For thousands of Japanese Americans, World War II meant upheaval. After Japan's strike on Pearl Harbor, then President Franklin D. Roosevelt signed an executive order calling for all Japanese Americans living within exclusion zones on the West Coast to be kept in more than a dozen concentration camps. One of those camps was Minidoka. It's where Portlander Joni Kimoto and her family stayed between 1942 and 1945.
"It impacted me quite a bit," Kimoto said, who was 3 years old at the time. "We were there because they took away everything else."
Joni doesn't remember much about what is now the Minidoka National Historic Site, but what she can recall is meaningful to her.
"I had a memory of the vastness of Minidoka and the extreme weather that we experienced. The dust storms, and the cold winters and hot summers," she said.
A few years ago, Kimoto returned to Minidoka on a pilgrimage along with 13 family members.
"I kept thinking, 'This is the same landscape that my parents saw when they arrived,'" she said.

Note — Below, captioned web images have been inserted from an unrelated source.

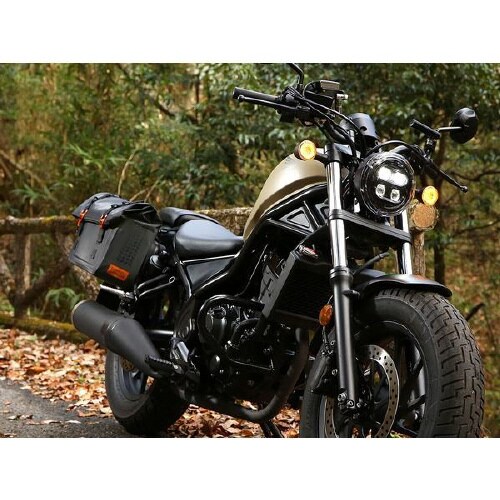 バイク用ターポリンサドルバッグWP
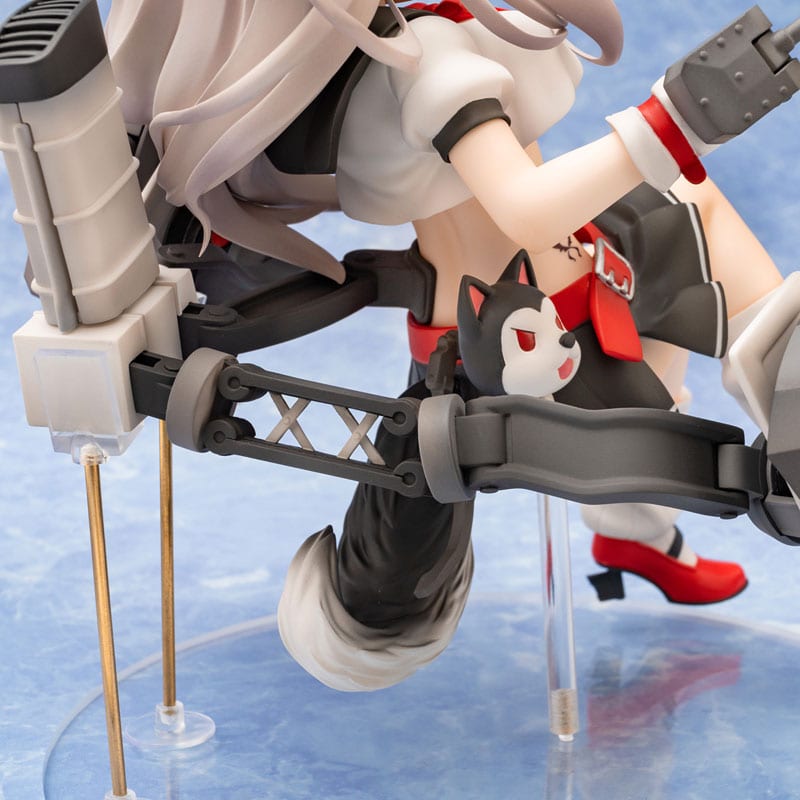 Azur Lane Getting Gorgeous St. Louis and Yuudachi Figures by Alter and Wing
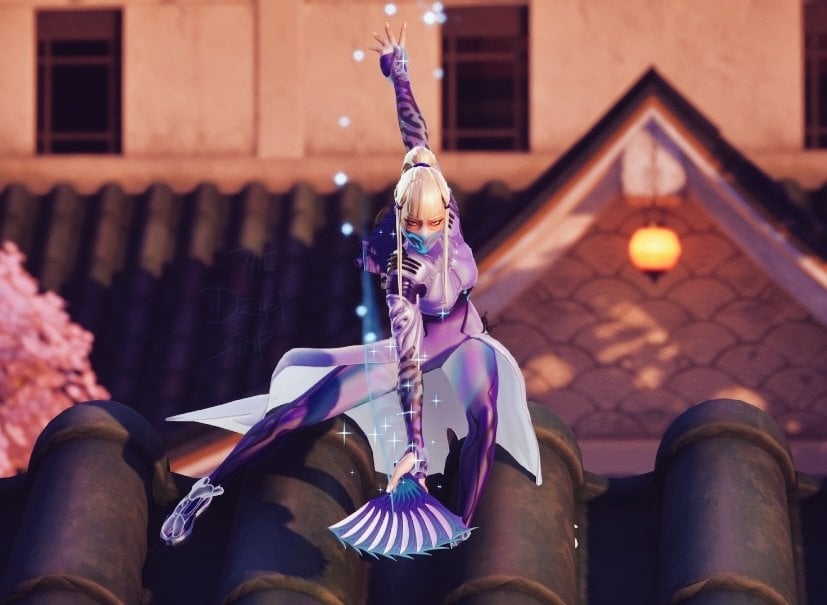 830x610 Fortnite Chapter 4: Season 2 wallpaper, Desktop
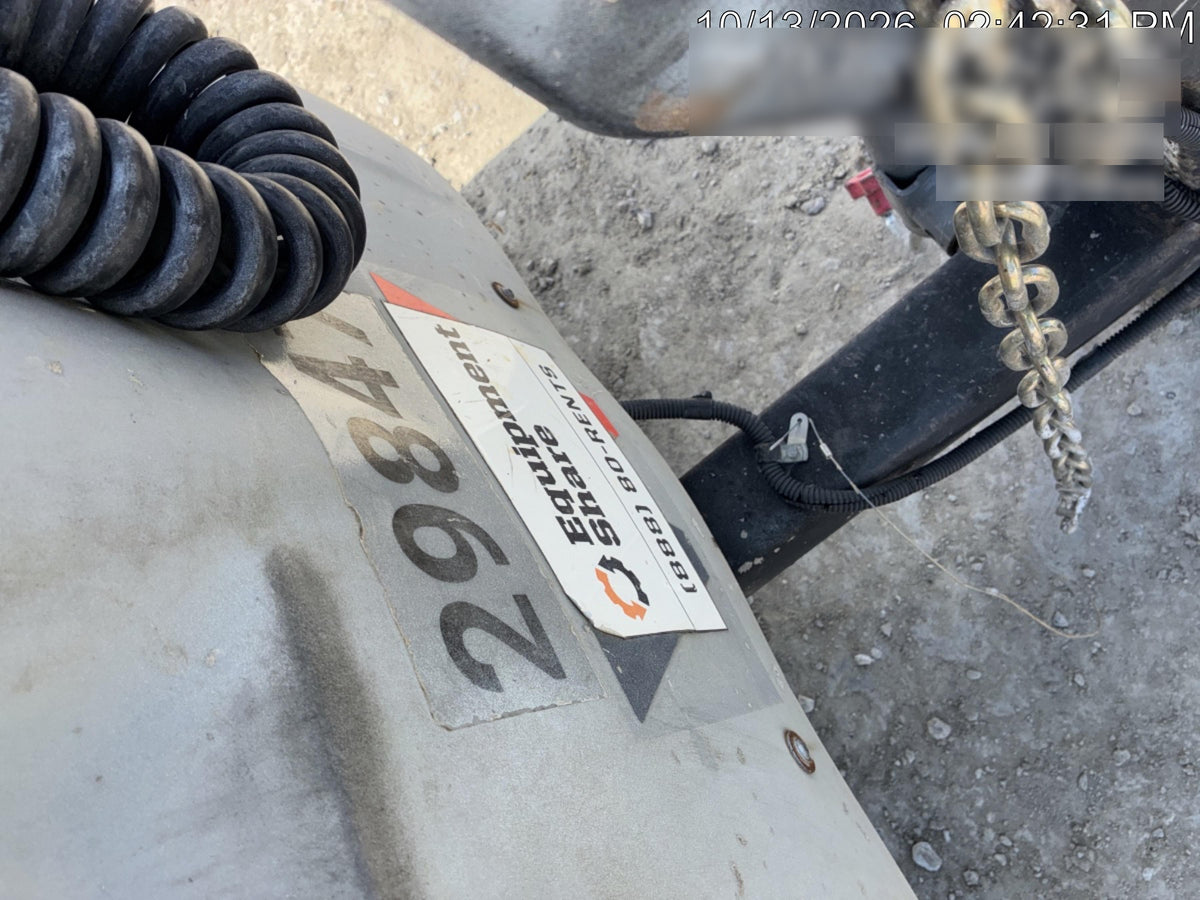 2019 Wacker Neuson LTV6L-MH Standard Options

It may not be the same for much longer. About two miles outside the Minidoka Historic Site is the proposed site for the Lava Ridge Wind Project. Magic Valley Energy wants to install and operate 400 wind turbines on federal, state and private land. BLM, which must sign off on the project, is taking public comment on the newly released Draft Environmental Impact Statement.
"It's not a, 'We're opposed to it/we're for it,' it's an environmental analysis," said Heather Tiel-Nelson, the public affairs specialist for the BLM’s Twin Falls District.
Since getting the initial proposal in 2021, Tiel-Nelson said public feedback from more than 2,500 people has led to five alternative plans for the wind project site. That includes plans that would move the turbines up to six miles away from Minidoka.
"BLM has come forward with two preferred alternatives that are a much reduced size, ultimately to reduce the impacts while still allowing for the opportunity for clean renewable energy to be produced," Tiel-Nelson said.
On Wednesday, the BLM Twin Falls District set up an open house in Portland. They invited the public to check out the options, ask questions and air concerns.
"Many consider the campsites sacred," said Rich Iwasaki.
His mother and grandmother were sent to Minidoka. Iwasaki said he and many others in his community support clean energy, but not plans to build so close to Minidoka.
"It does minimize it," Iwasaiki said. "That chapter of American history, as dark as it is, is so important for future generations to understand what happened."
"It's important to know our past is being preserved," added Kimoto. "And it's not being altered by progress."
The BLM expects to make a decision in late fall. They plan to hold an open house in Seattle on Thursday.